An examination of section 10 — 2 reveals the flaw in the Department’s analysis. Despite the Department’s claim that parental liability for 18- to 21-year-old AFDC recipients living at home is based upon the nonexistence of any other responsible relatives, section 10 — 2 clearly establishes that even the parents of an AFDC recipient who has married will be liable for support if that child lives at home. The statute provides that "a parent is not liable for a child of any age if the child has married and is not living with the parent or parents.” (Emphasis added.) (305 ILCS 5/10 — 2 (West 1992).) It is evident, therefore, that the distinguishing factor in section 10 — 2’s determination of parental support liability is the residence of the child.

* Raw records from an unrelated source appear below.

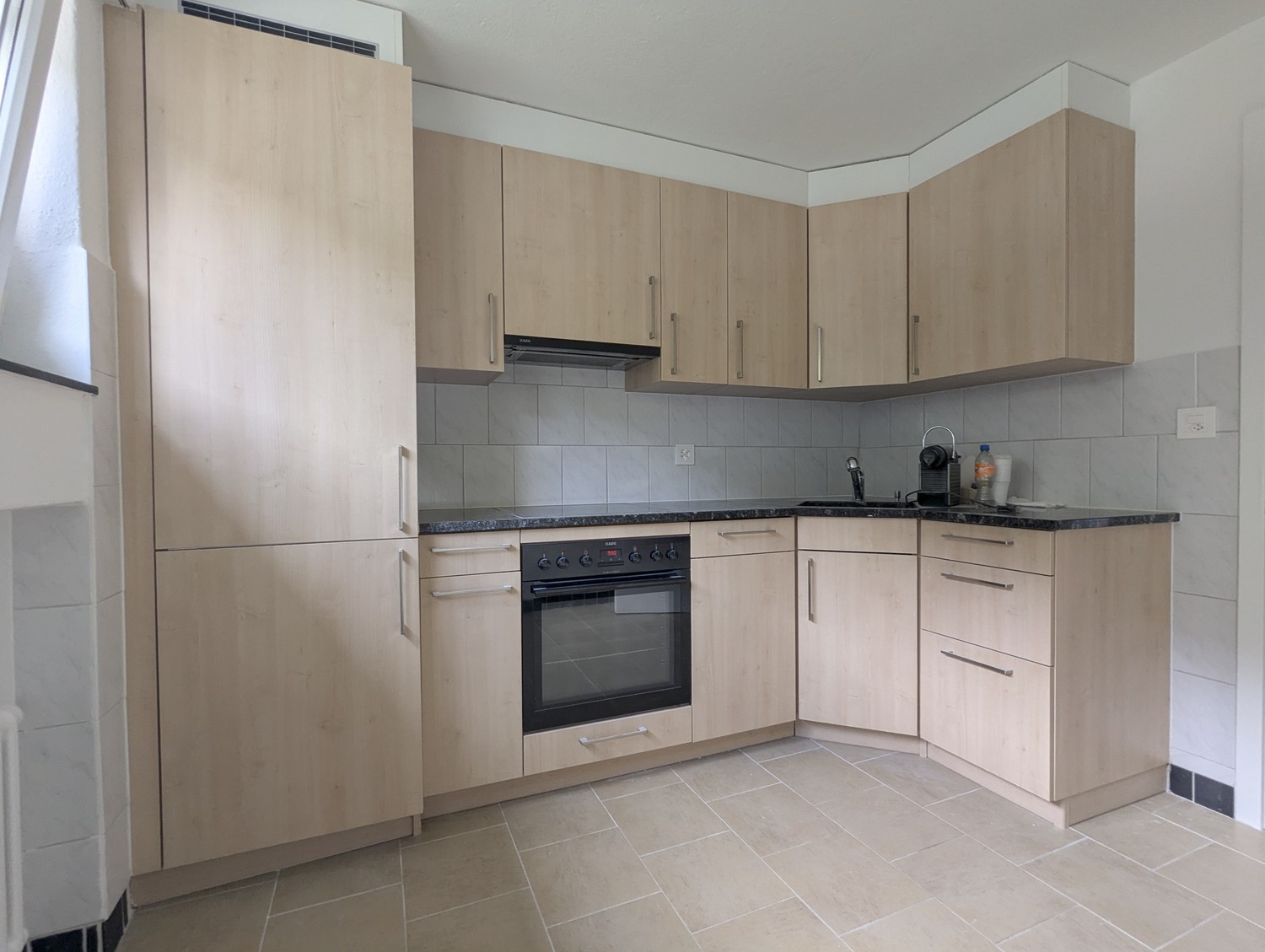 4 rooms apartment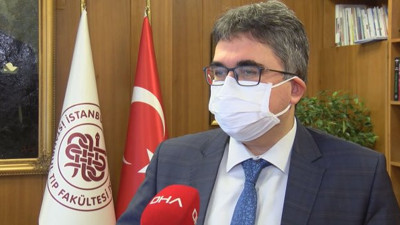 Prof. Dr. Tufan Tükek asıl yapılması gerekeni belirterek mutasyonu yorumladı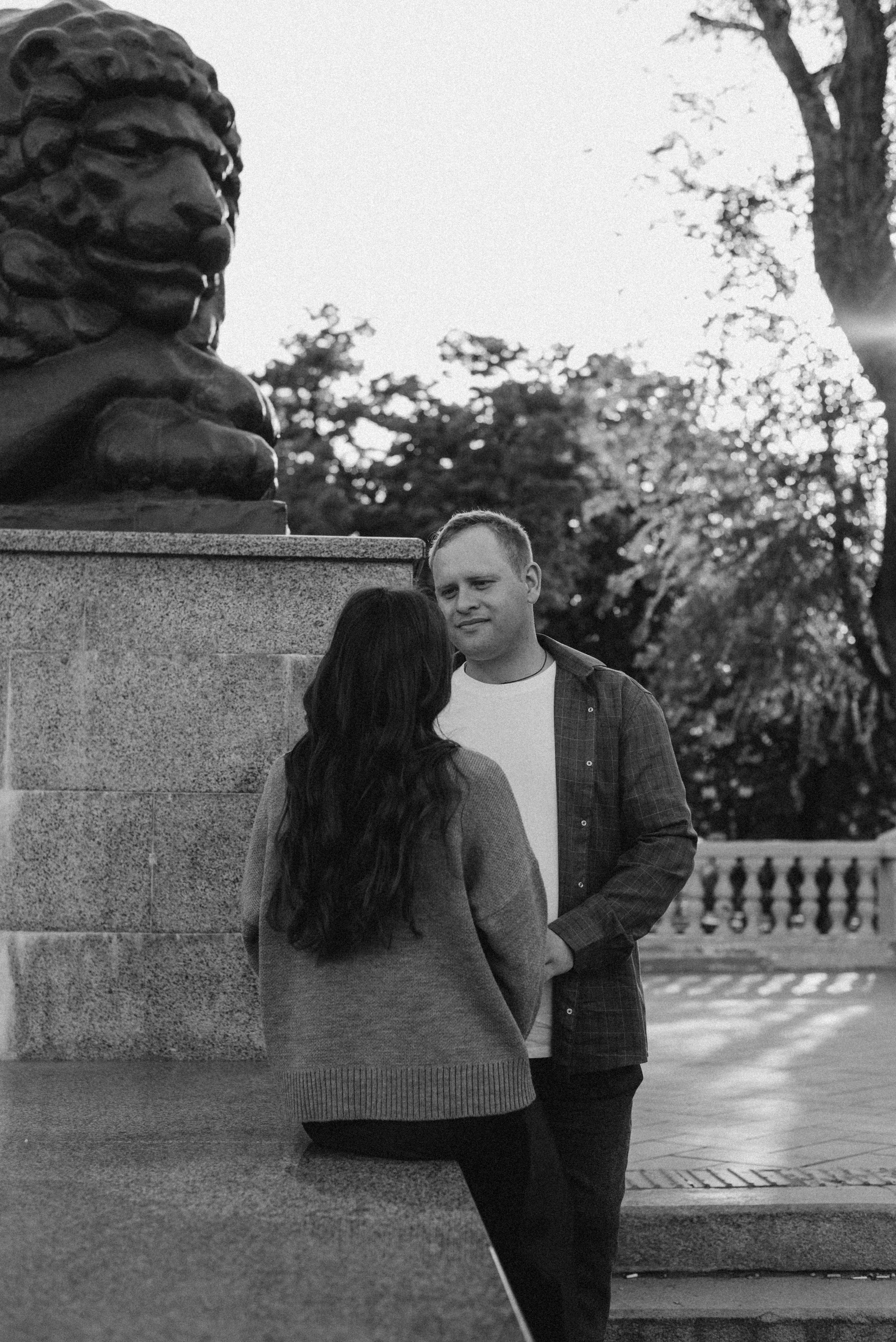 Осень в городе. Семейный фотограф Ермишина Ксения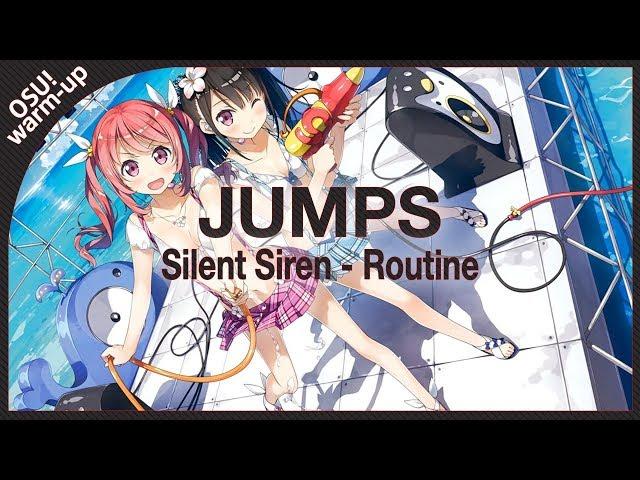 Osu! Silent Siren - Routine [6.65\176BPM]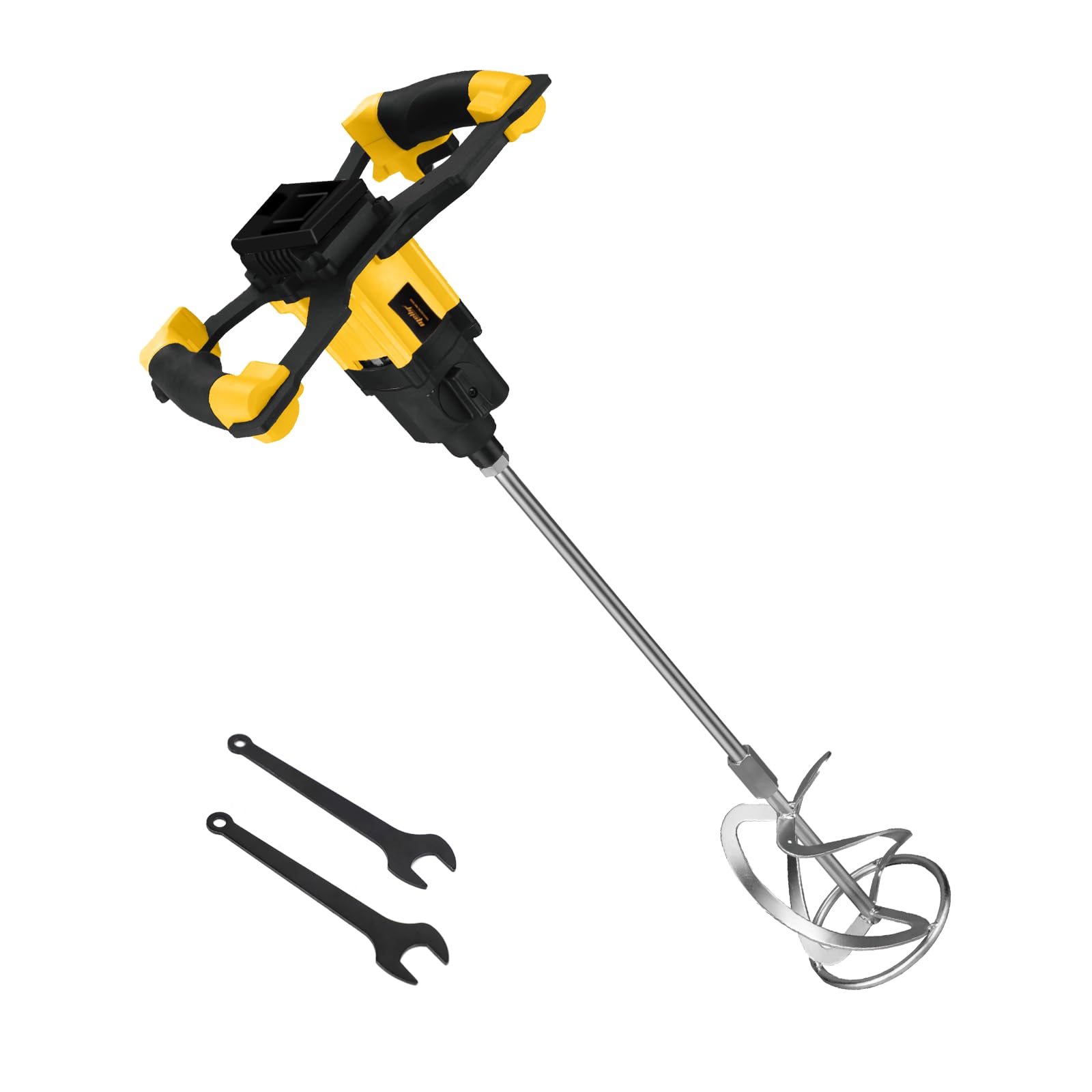 Mellif for DEWALT 18V 20V Cordless Mud Mixer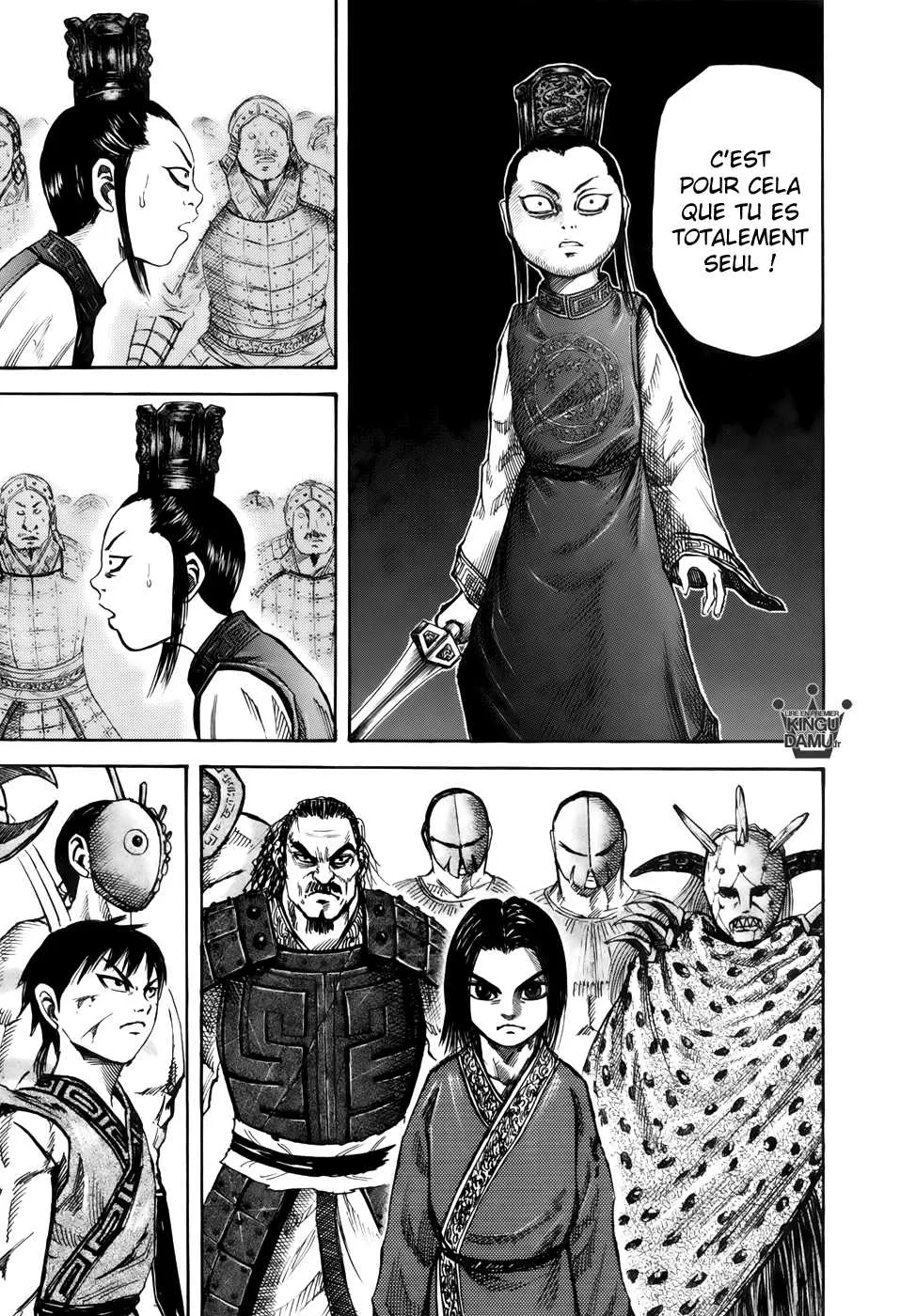 Kingdom: Chapter chapitre-46 - Page 10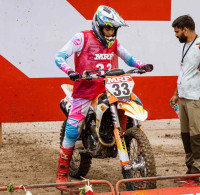 MRF MOGRIP FMSCI National Supercross Championship - Round 1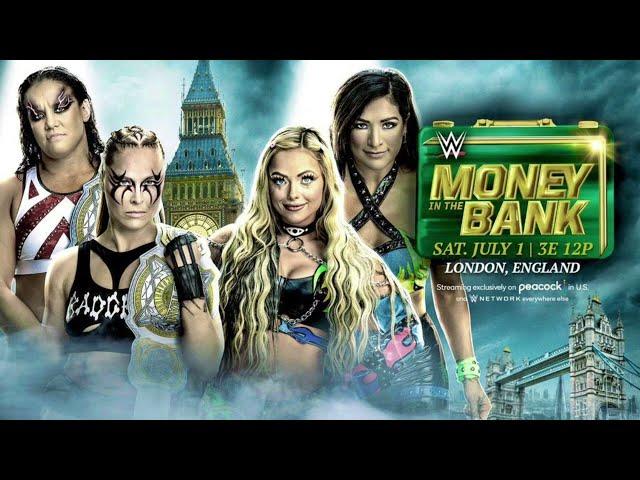 WWE Money in the Bank 2023 Preview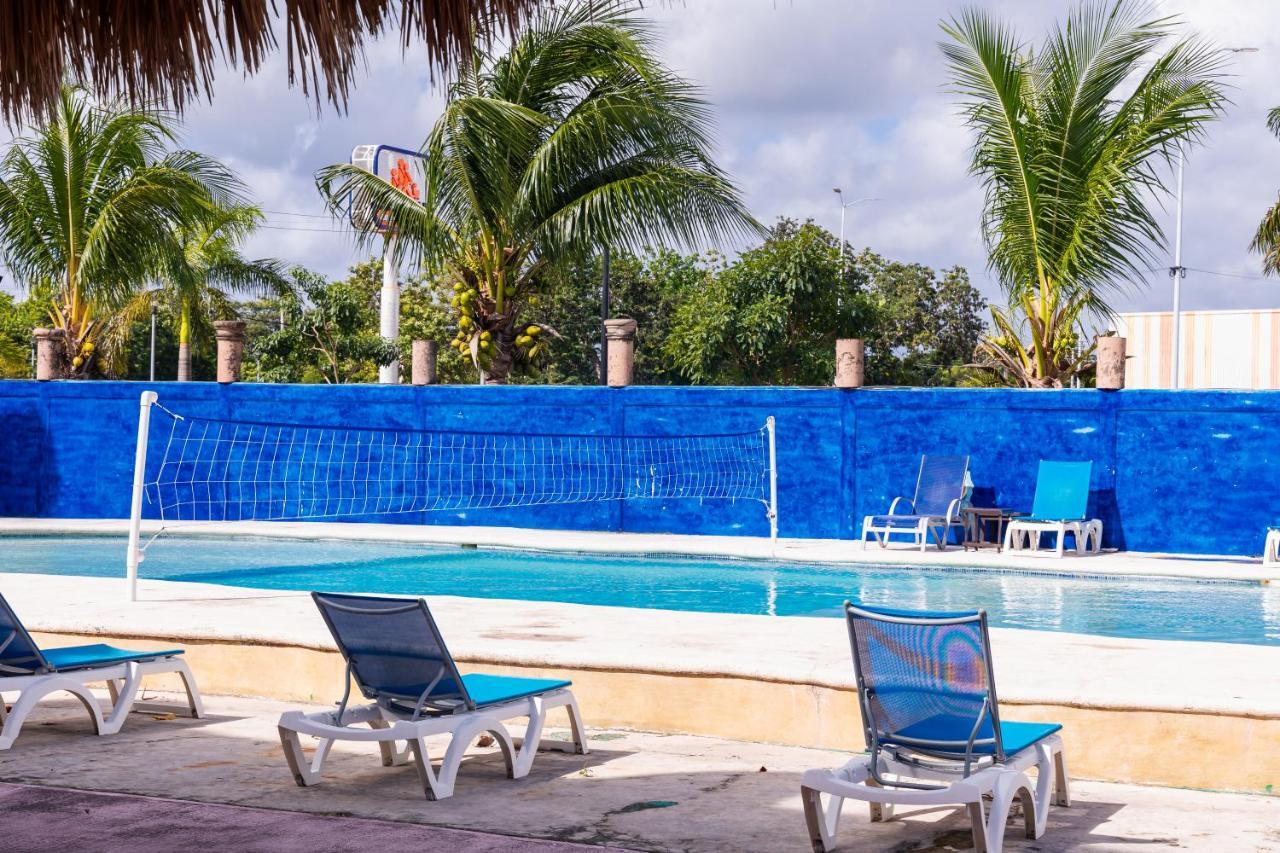 Hotel Bello Caribe Express Κοζουμέλ Εξωτερικό φωτογραφία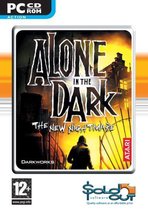 Alone In The Dark - The New Nightmare (PC DVD)
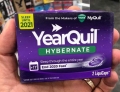 Anyone need some YearQuil?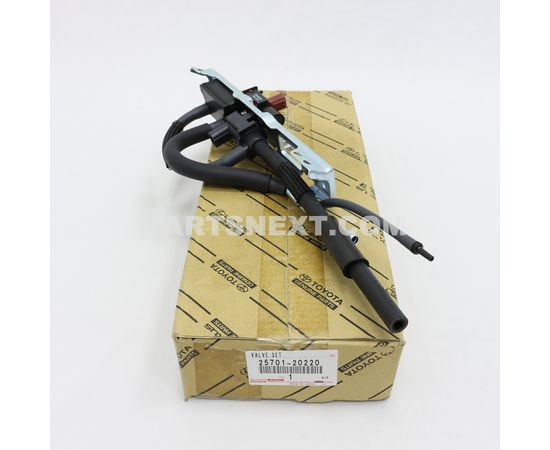 Toyota :: 25701-20220 VALVE SET, EMISSION CONTROL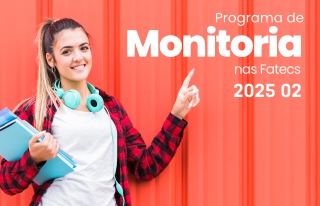 Imagem contendo informaçoes da monitoria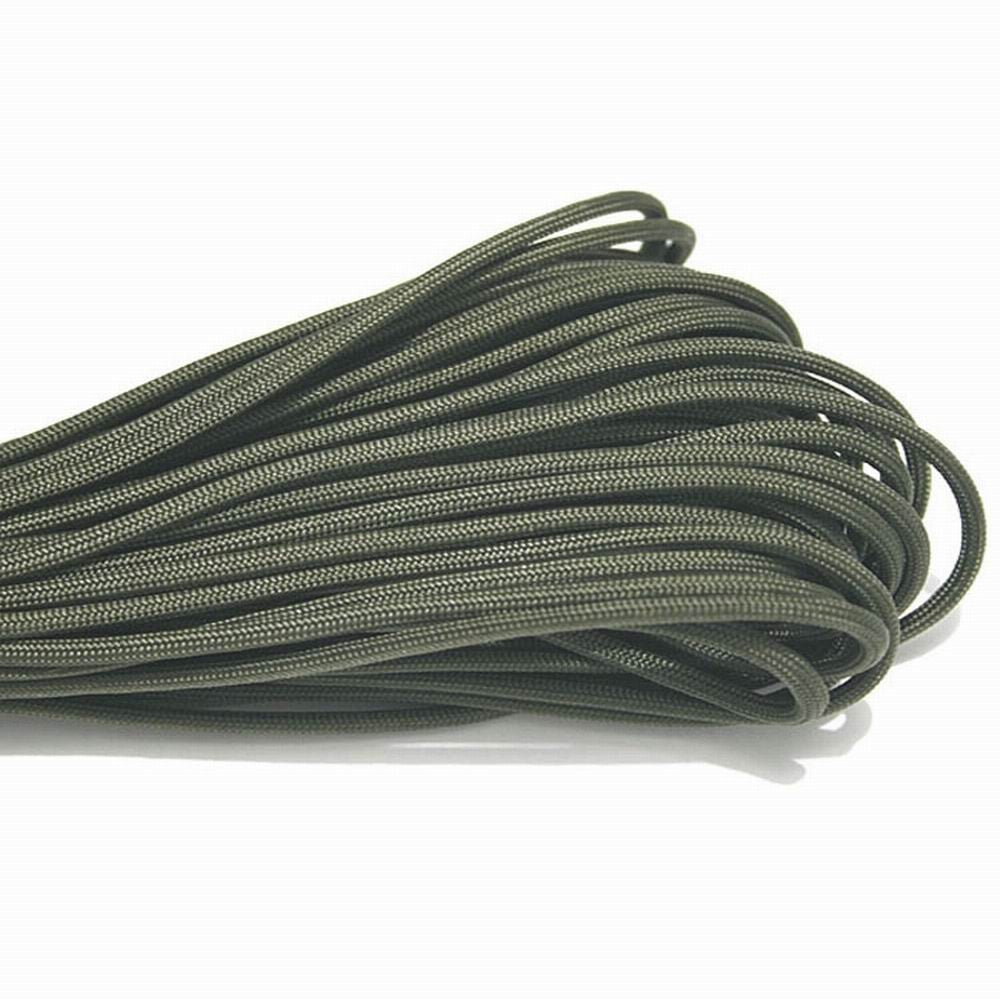 Paracord 5 Colors 100ft - Sixty Six Depot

*365We find this to be a distinction without a difference. The Department’s characterization of the classification as between parents who do or do not allow their 18- to 21-year-old AFDC-recipient children to live at home is misleading. That an 18- to 21-year-old may elect not to live with her parents says nothing about whether the parents would allow her to live at home. Whether the decision comes from a sense of independence or a desire to avoid placing another strain on the family’s resources, it is only the fact of where the child resides — and not why — that we must consider in the "similarly situated” analysis. We cannot say that the parents of 18-to 21-year-old AFDC recipients who live at home are not "similarly situated” with those whose children live separately for purposes of equal protection.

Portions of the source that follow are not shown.